Former Federal Reserve Chair Janet Yellen signaled it may be harder than U.S. trade negotiators think to prevent China from manipulating its currency.
That’s because some of the tools central bankers use to stabilize their economies also end up weakening their exchange rates. As a result, it may be difficult for negotiators to define what is currency manipulation as opposed to benign monetary policy.

Still, people familiar with U.S.-China trade talks said Americans are asking Beijing to refrain from actions that would weaken the yuan and offset U.S. duties on Chinese imports. Those discussions, which are designed to end a trade war between the world’s two largest economies, continue this week ahead of a March 1 deadline to strike an agreement.

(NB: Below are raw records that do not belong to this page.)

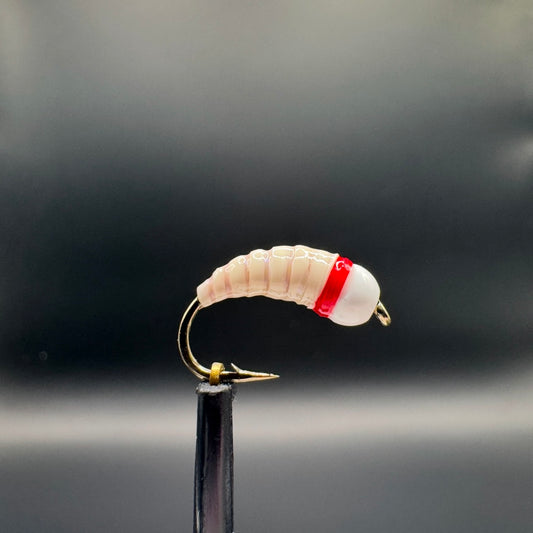 Tungsten Grub Jig - White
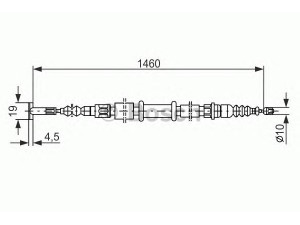 BOSCH 1 987 477 375 trosas, stovėjimo stabdys 
 Stabdžių sistema -> Valdymo svirtys/trosai
46456850, 60577826, 60806310, 60812799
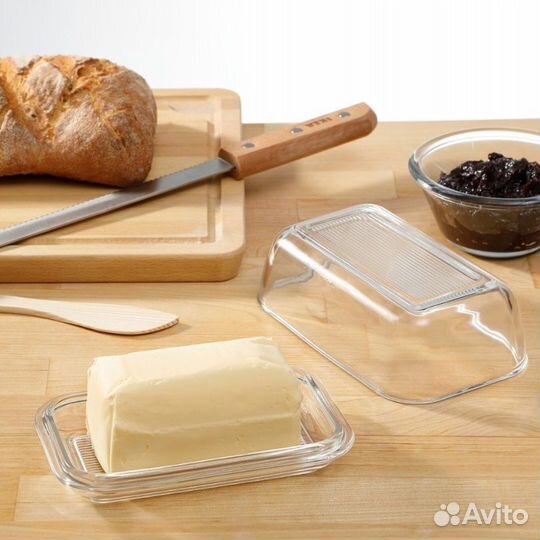 Маслёнка Икеа Гринсопп стекло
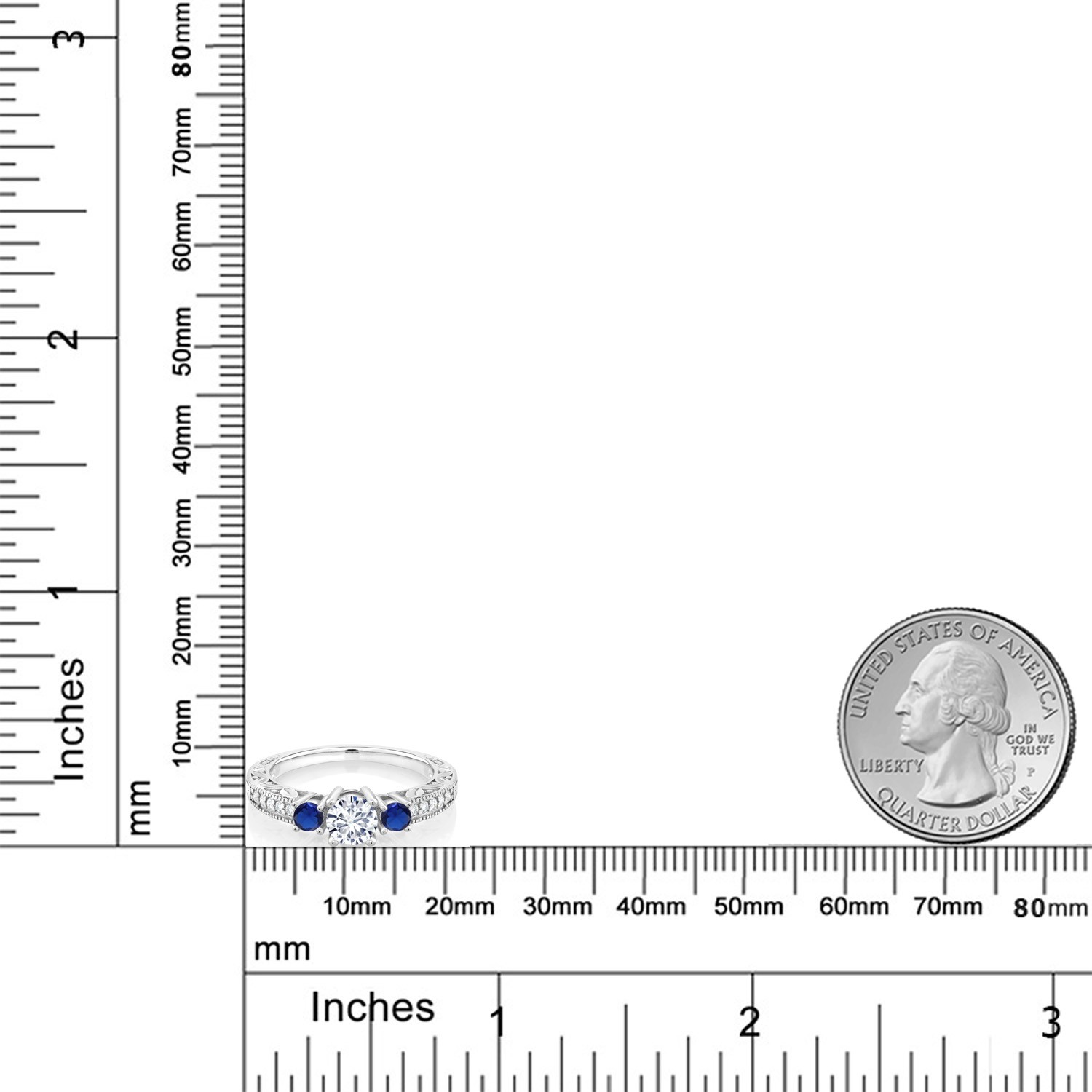 925 Silver Moissanite 0.50ct DEW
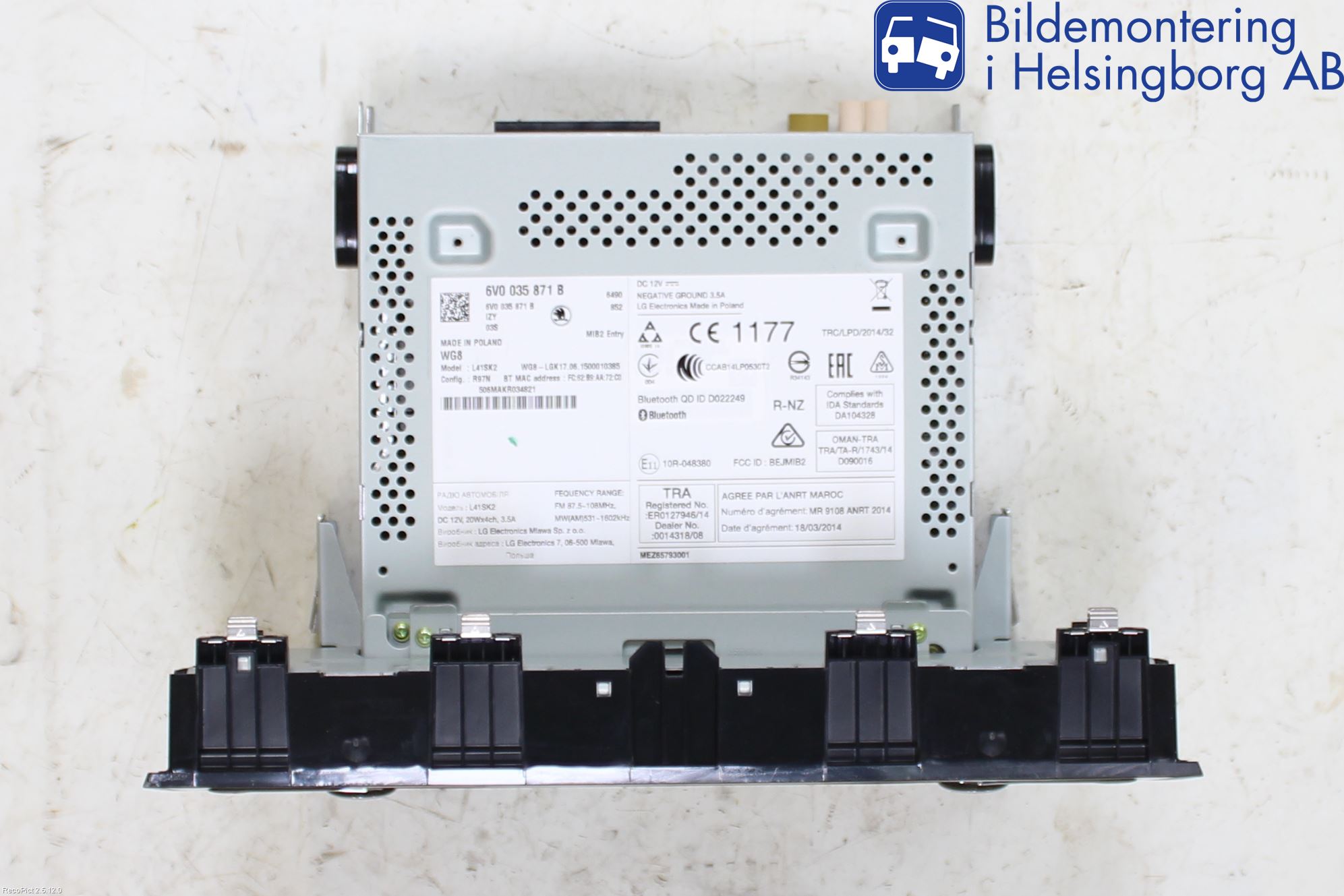 Skoda FABIA 15-21 Cd Radio - Multimediapanel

According to Yellen, “it’s really difficult and treacherous to define” when a country is gaming its currency to gain trade advantages. She was speaking on a Brookings Institution podcast Tuesday on currencies and trade, and wasn’t commenting specifically on the current negotiations between the U.S. and China.
She noted that the U.S. itself has faced accusations of starting a “currency war,” especially when it engaged in massive asset purchases following the Great Recession. The policy, known as quantitative easing, was designed to lower long-term interest rates, though it caused the dollar to depreciate against emerging-market currencies as well.
“Monetary policy does have a systematic effect on a country’s exchange rate and nevertheless I think that it’s widely agreed that it should be available to be used for domestic purposes,” Yellen said. “So we would want to be careful not to define domestic policy tools as currency manipulation.”